Respondió Ananías: “Señor he oído a
muchos hablar de ese hombre y de los muchos males que ha causado a tus santos
en Jerusalén y que aquí tiene poderes de los Sumos Sacerdotes para apresar a
todos los que invocan tu Nombre”. El Señor le respondió: “Vete, pues éste me es
un instrumento elegido para llevar mi Nombre ante los gentiles, los reyes y los
hijos de Israel. Yo le mostraré cuanto tiene que padecer por mi Nombre” (Hch,
9,10-17)
Estos
tres relatos me recuerdan cuántas veces
habré hablado así cuando el Señor me inspiraba su Palabra para llevarla
a un hermano: no sé hablar, me da vergüenza, dirán que soy un ñoño, para eso
están los curas… ¡Siempre disculpas!, ¡siempre mirar a otro lado!
Pero
el Señor tiene paciencia, “…considerad
que la paciencia del Señor es la garantía de nuestra salvación…”. Él espera,
ama sin límites como dice Pablo a los Corintios, espera sin límite, ama sin
límite…
Pero
el Señor toca mi boca y tu boca. La Palabra de Dios, el Evangelio, no pueden
quedarse en nosotros como algo para nosotros solo. Es un sentimiento egoísta.

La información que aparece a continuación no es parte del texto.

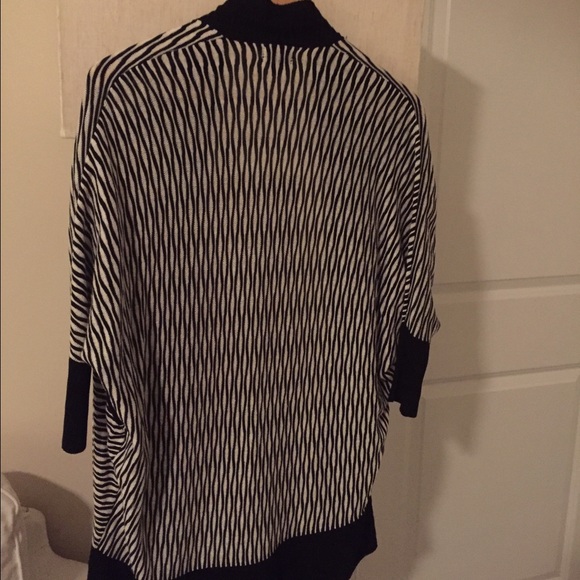Cardigan - Picture 2 of 3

Dios da el pan de cada día, el pan tierno de cada día que es su Evangelio. NO TÚ EVANGELIO, el suyo. Cuando vas al
Evangelio, preséntate como Pablo temeroso, presto a escuchar lo que en ese
momento Jesús te dice.
Comenta Pablo a las Gálatas: “…Porque os hago saber, hermanos que el Evangelio
anunciado por mí no es de orden humano,
pues yo no lo recibí ni aprendí de hombre alguno, sino por Revelación de
Jesucristo…”(Ga1,11-13) y “…Mas, cuando
Aquel que me separó desde el seno de mi madre y me llamó por su gracia,
tuvo a bien revelar en mí a su Hijo, para que le anunciase entre los gentiles,
al punto, sin pedir consejo a hombre alguno…” (Ga 1,15-17).
Me
llama la atención esta expresión de Pablo, que es la misma con la que he
comenzado esta catequesis, parafraseando a Jeremías
Y en
la Carta a los Corintios dice: “…Pues yo,
hermanos, cuando fui a vosotros, no fui
con el prestigio de la palabra o de la sabiduría a anunciaros el misterio de
Dios, pues no quise saber entre vosotros sino a Jesucristo, y éste
crucificado…” (Cor 2, 1-5)
Por
ello hemos de acercarnos a la Palabra con el respeto de estar en la presencia
de Dios que nos habla, con la humildad de ser su criatura, con la alegría de
ser amados por Él, que se abaja a nosotros como dice Pablo en la Carta a los
Filipenses, capítulo 2.:” Cristo, a pesar
de su condición divina no hizo alarde de su categoría de Dios. Al contrario, se
despojó de su rango y tomó la condición de esclavo pasando por uno de tantos…”
Él
nos dice: “¡Sígueme!”. Como le dijo a
Mateo el publicano, como invitó al Joven Rico, como elige a sus Apóstoles, como
llama a sus discípulos. No pregunta por tu vida anterior, no reprocha tus
errores, te ama y me ama como soy, con mis defectos, flaquezas, traiciones…con
el Amor más perfecto, más Misericordioso, como sólo Él sabe hacer.
¡Qué
diferencia con nosotros! Nosotros sí reprochamos la conducta del hermano,
mirando la paja en su ojo, sin ver la viga en el nuestro. Murmuramos su
conducta, desconociendo las circunstancias que le llevaron a esa situación.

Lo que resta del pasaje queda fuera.